SAWTOOTH FORUM AND LECTURE SERIES
Beginning in 2008 the SA has sponsored the annual Sawtooth Forum and Lecture Series. These programs provide visitors and locals the opportunity to hear experts in local history, fish and wildlife, geology, environmental issues, and the arts share their work and latest research results related to this magical Sawtooth-Salmon River country. What fun to learn more about the special critters, characteristics and culture that make this a very, very, special place! Past presentations have included pronghorn antelope, rare flowers and plants, Whitebark Pine ecology, fire ecology, wolverines, wolves, salmon, and raptor ecology featuring live birds of prey. Geologists have explained how the Sawtooth Valley was formed and about the recently discovered Sawtooth Earthquake fault! Historians have shared the history of the conservation movement in the West, Native Americans, and of the early settlers, miners, ranchers and scientists in the Sawtooth country. Local writers and poets have shared their work as well.
These fascinating programs are free of charge (donations accepted!). They are held every Friday in July and August at 5pm at the Stanley Museum. This fascinating and wide ranging lecture series is sponsored by SA and would not be possible without the generous community support of Idaho Rocky Mountain Ranch, Sawtooth Society, Redfish Lake Lodge, National Environmental Education Foundation, the Val A. Browning Foundation, and other individual donors. We cannot thank these generous organizations and individuals enough for their essential financial support! We look forward to seeing you at these fascinating and informative presentations.
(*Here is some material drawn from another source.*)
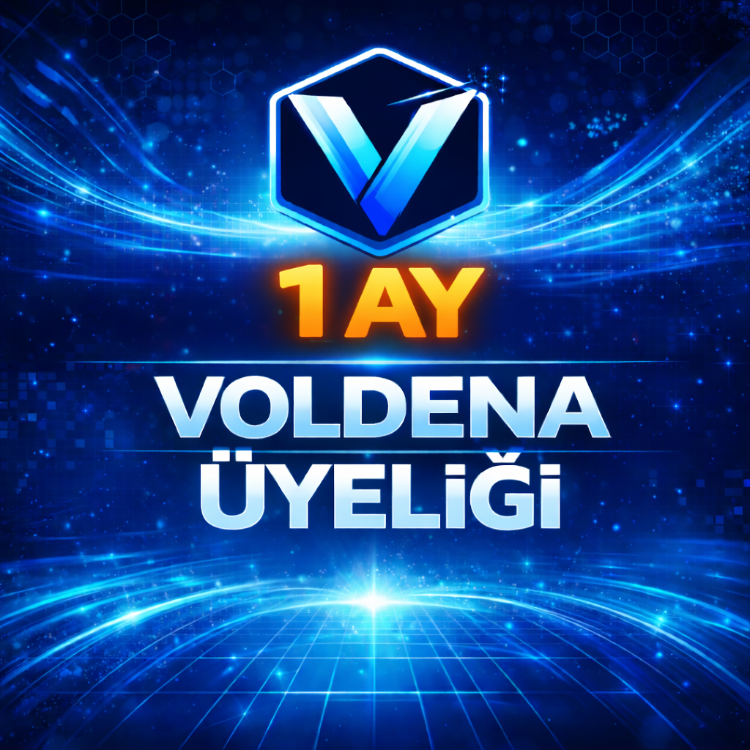 Voldena 1 Aylık Üyelik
This year’s speakers and schedule click here
Welcome to the 2016 Forum and Lecture Series! This year, the ninth year of the FLS, the Series will focus on the critically important issue of Water in Idaho. Pretty much everything we love about central Idaho is dependent on reliable supplies of fresh water – The Sawtooth NRA is the headwaters of at least four major river systems that supply us with drinking and irrigation water, and is the habitat for the many species of wild fish and wildlife. The first purpose that congress articulated for the Sawtooth National Recreation Area when it established the NRA in 1972 was: “The protection and conservation of the salmon and other fisheries”. We hope you will enjoy the Series this summer as we discuss how we Idahoans manage and use our water, how fish and wildlife species survive in them, and how we can protect and preserve our precious fresh water resource. Please let us know what you think of the series and sign up to be on our mailing list to get updates on upcoming programs.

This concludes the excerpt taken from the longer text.